The filter bubble is a term that describes the phenomenon of search engines, social media platforms, and online advertising systems showing you only the content that you are supposedly interested in while withholding the rest.
While the internet coined that term, the phenomenon itself is not new. The same happens to a lesser degree when you are primarily moving in only one social circle or one cultural scene. The topics that people talk about, as well as trends and political opinions, are (most of the time) consistent as long as you move within the same crowd.
This bubble leads to unintended tunnel-vision as information that is not part of our bubble goes unnoticed. Depending on your current situation, this can be good or bad.
Utilize a single bubble if you want to learn a craft that is specific to it.
If you want to learn a new skill or craft from one specific culture or subculture, immersing yourself into it is the best thing to do. Unwavering focus without any distractions will let you progress faster on your quest to learn a specific skill. That is the case if you want to learn hip hop dance or breaking.

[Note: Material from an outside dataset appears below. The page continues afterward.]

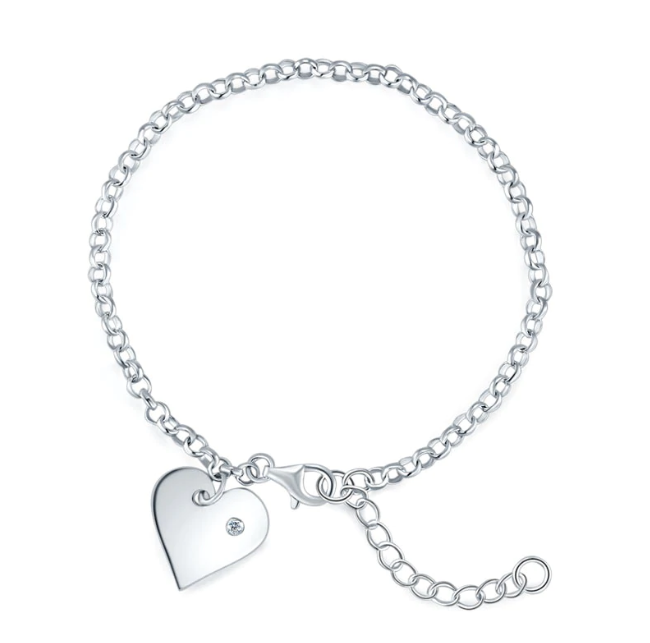 'My Heart" Dangle Heart Bracelet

Dive into the scene, find friends, teachers, or mentors there, and become the greatest dancer you can be.
Avoid tunnel-vision by participating in multiple bubbles if you want to create or come up with a plan.
If you want to create something or come up with original or creative ideas, it is better to avoid bubbleism (I know that is not a word). You want to be on the edges of multiple bubbles. You have more influences and also access to more information. This is the case if you’re going to turn your dance passion into a sustainable dance business, beyond hip hop dance moves. You will be better off having access to the body of thought from the hip hop scene, entrepreneurs and community builders.
Know where you are on your journey and which bubbles you need to reach your destination.